For comparison, Downtown skews higher into 2–3BR formats, reflecting its role as a lifestyle destination, while JVC leans toward affordability-driven 1–2BR volumes. Business Bay sits between these two poles, more premium than JVC, more compact than Downtown.
The risk is oversupply in 1BR launches, which could compress rents if absorption slows. But the upside is clear: compact churn here remains unmatched, making Business Bay a benchmark for liquidity-driven investment in Dubai.
Unit Size Trends & Market Signals – Business Bay, H1 2025
In Business Bay, size often dictates both ticket and intent. The smaller the home, the faster it moves; the larger the home, the rarer the buyer. The numbers reveal a market where most deals cluster below 1,000 sq.ft., with larger formats trading in much smaller volumes but commanding sharp jumps in ticket sizes.
Business Bay – Median Unit Size vs Ticket (H1 2025, Residential Flats + Villas)
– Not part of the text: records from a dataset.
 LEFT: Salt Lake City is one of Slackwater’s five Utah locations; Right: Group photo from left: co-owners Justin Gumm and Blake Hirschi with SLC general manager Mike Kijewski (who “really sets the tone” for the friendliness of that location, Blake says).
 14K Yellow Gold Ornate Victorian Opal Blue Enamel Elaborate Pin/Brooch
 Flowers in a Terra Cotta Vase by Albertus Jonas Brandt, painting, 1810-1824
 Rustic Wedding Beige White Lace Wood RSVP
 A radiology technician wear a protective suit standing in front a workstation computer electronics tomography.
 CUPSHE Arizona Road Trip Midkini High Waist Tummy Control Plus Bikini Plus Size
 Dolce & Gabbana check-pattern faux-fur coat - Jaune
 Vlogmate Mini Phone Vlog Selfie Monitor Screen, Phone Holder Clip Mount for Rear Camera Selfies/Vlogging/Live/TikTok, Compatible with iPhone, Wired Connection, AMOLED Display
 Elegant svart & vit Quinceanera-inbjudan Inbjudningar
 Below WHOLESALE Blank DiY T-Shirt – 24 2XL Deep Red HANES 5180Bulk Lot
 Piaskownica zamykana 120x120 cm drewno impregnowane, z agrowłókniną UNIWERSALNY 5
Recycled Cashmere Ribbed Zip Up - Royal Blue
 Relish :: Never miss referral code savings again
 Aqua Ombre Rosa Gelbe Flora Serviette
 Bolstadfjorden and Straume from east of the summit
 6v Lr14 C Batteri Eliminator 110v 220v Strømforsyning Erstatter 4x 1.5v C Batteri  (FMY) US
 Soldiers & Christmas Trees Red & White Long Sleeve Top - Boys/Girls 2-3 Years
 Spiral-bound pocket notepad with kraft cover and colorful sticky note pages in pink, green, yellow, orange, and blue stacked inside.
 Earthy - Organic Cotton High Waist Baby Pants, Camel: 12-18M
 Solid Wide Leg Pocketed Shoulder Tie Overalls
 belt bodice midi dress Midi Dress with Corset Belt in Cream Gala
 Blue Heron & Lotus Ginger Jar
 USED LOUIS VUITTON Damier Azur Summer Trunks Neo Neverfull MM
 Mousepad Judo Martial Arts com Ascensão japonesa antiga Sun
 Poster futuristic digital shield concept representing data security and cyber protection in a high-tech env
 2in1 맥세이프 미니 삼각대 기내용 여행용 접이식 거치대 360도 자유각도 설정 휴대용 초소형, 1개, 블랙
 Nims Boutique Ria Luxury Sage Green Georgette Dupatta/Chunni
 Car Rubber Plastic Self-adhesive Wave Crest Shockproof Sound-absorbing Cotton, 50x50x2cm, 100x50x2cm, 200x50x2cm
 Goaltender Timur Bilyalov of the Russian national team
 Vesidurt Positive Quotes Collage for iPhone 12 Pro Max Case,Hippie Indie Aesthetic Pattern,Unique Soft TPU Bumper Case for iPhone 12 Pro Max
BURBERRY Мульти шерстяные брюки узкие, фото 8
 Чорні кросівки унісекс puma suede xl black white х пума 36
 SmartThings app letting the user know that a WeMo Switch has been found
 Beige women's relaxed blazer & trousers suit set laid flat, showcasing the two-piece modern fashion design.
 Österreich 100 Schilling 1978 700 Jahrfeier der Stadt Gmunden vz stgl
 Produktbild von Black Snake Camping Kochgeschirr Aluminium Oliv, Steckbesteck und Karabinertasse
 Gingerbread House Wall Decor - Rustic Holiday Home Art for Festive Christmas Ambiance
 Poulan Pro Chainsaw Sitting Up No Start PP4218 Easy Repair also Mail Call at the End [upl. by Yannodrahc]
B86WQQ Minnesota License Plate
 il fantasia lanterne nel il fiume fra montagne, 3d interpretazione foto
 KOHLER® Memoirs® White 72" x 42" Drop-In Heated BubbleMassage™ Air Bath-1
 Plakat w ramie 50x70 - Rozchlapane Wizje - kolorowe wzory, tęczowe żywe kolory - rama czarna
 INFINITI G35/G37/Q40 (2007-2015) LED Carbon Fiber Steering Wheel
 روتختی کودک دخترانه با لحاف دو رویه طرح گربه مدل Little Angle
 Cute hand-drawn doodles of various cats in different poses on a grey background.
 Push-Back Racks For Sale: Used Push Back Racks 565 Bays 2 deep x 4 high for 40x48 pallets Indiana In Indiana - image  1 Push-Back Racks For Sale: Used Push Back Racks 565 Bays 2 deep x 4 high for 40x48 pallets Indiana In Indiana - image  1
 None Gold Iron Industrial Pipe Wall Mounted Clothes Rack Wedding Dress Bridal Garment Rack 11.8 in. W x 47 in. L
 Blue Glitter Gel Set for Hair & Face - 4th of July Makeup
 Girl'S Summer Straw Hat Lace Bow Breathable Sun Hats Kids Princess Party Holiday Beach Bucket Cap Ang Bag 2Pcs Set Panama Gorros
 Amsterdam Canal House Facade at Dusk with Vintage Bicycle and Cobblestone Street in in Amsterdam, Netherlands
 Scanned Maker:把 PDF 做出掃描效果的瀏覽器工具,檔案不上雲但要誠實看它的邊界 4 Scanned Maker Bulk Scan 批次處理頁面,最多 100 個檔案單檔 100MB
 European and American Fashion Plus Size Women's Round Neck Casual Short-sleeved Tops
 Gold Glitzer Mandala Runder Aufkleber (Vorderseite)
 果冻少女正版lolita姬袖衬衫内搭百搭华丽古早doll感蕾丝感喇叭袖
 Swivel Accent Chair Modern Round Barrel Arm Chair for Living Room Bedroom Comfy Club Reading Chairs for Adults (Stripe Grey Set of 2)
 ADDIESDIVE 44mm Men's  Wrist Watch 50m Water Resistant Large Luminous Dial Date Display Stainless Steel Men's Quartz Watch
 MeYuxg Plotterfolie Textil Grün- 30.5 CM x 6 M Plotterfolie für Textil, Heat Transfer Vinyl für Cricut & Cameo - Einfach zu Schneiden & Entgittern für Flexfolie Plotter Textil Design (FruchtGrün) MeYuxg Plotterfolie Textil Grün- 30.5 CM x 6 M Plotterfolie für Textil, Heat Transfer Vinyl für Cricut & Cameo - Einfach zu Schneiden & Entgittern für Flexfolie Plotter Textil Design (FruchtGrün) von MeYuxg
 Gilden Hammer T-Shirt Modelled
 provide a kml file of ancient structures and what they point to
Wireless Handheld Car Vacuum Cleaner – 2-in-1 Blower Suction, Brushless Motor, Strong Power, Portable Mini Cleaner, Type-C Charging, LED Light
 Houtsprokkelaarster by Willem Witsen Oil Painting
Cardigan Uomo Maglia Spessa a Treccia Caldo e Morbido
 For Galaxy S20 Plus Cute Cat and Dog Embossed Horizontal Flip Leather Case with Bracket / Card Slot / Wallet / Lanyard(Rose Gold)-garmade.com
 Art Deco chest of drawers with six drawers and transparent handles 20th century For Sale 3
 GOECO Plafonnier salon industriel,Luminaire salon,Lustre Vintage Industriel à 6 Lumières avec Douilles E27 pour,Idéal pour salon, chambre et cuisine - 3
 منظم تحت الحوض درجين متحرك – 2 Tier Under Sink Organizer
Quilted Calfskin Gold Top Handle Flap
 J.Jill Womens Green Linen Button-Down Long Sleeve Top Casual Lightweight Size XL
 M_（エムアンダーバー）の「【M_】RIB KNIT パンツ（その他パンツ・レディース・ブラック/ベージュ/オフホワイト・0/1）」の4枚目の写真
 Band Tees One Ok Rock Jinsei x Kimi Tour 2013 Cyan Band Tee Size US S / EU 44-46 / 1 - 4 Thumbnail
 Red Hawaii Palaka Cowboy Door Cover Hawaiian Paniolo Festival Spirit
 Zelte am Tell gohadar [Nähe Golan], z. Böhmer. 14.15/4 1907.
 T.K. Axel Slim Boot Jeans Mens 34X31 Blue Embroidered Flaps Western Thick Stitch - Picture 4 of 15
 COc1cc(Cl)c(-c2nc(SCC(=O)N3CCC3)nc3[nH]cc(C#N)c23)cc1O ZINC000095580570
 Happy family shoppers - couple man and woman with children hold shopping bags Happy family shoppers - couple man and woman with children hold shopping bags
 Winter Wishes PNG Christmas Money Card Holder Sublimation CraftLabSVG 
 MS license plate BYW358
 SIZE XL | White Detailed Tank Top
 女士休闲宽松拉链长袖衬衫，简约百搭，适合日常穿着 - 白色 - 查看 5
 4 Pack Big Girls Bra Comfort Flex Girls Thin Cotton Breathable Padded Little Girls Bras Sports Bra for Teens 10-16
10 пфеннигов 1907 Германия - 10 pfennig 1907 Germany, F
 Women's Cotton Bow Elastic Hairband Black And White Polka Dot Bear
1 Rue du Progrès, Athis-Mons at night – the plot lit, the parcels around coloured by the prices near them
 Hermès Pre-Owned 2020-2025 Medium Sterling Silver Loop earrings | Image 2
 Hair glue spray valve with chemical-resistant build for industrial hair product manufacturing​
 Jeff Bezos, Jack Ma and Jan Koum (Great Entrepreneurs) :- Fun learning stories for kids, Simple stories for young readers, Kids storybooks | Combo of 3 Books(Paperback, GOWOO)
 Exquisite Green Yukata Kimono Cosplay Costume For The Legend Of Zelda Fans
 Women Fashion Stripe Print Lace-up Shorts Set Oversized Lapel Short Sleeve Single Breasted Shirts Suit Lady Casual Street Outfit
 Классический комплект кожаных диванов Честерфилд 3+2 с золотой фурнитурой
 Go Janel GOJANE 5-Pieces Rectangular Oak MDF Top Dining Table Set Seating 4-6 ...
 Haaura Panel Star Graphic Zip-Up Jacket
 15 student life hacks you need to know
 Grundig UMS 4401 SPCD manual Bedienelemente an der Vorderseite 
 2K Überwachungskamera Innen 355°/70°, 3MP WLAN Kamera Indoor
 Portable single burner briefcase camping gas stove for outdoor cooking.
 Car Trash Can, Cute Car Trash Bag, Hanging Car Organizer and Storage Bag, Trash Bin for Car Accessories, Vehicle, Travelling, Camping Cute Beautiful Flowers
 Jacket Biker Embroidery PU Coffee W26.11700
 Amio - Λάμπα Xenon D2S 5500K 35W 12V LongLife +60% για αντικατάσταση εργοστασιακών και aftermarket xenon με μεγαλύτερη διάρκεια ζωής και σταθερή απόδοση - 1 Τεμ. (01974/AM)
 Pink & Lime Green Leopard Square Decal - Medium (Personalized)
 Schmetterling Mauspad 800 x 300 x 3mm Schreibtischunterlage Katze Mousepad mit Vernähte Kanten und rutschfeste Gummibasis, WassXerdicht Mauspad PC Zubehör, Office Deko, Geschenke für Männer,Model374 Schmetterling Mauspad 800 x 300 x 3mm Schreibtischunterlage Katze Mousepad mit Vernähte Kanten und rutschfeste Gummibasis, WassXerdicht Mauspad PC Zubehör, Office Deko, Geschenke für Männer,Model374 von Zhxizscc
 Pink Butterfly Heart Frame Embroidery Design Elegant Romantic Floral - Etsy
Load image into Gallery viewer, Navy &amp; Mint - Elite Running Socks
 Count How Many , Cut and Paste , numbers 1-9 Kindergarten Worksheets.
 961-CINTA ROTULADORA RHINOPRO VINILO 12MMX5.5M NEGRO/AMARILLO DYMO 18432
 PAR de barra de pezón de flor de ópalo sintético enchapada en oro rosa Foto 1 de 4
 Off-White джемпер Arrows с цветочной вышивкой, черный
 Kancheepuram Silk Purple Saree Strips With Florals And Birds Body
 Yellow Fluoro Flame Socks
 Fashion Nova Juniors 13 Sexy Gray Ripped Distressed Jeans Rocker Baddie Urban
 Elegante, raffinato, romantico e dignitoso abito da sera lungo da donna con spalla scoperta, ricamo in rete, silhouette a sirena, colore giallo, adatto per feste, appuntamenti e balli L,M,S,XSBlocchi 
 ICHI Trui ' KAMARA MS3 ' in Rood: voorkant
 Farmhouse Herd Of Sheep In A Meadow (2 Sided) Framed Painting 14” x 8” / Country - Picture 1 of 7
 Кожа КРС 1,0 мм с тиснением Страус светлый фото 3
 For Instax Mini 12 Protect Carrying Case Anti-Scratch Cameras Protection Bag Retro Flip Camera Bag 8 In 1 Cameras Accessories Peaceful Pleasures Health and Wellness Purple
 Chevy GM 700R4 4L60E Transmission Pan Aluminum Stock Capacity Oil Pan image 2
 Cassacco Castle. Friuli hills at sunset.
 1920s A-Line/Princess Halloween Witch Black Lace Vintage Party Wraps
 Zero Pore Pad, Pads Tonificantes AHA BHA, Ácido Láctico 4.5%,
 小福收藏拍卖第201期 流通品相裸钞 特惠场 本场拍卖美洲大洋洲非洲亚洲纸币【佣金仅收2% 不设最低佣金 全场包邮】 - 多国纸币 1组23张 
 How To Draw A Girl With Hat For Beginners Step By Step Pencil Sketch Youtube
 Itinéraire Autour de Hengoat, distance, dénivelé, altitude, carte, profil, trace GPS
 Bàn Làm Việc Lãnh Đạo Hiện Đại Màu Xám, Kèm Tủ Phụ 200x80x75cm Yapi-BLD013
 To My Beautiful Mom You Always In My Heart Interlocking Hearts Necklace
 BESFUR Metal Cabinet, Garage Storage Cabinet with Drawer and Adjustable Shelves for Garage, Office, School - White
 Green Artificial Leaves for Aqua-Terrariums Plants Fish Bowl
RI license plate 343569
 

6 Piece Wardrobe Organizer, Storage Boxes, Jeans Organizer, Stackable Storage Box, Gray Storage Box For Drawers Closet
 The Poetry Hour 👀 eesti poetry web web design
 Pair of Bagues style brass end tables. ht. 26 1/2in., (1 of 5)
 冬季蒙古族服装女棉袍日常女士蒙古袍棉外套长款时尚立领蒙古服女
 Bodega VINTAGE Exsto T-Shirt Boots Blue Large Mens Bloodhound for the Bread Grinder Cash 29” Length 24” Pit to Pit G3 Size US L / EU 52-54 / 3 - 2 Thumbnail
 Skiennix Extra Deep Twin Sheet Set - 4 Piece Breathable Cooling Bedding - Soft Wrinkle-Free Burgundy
| Configuration | Median Size (sq.ft.) | Median Ticket (AED) | Median Price (AED/sq.ft.) |
| Studio | ~440 | ~1.1M | ~2,500 |
| 1 BR | ~830 | ~1.8M | ~2,250 |
| 2 BR | ~1,410 | ~2.75M | ~2,165 |
| 3 BR | ~2,320 | ~3.9M | ~1,750 |
| 4 BR+ (incl. Villas) | ~4,320 | ~9.0M | ~2,080 |
- Compacts dominate: most transactions are in studios and 1BRs under 1,000 sq.ft., keeping entry costs accessible.
- Step-up formats: 2BRs add ~600 sq.ft. but almost double the ticket, a clear inflection point between investor and end-user demand.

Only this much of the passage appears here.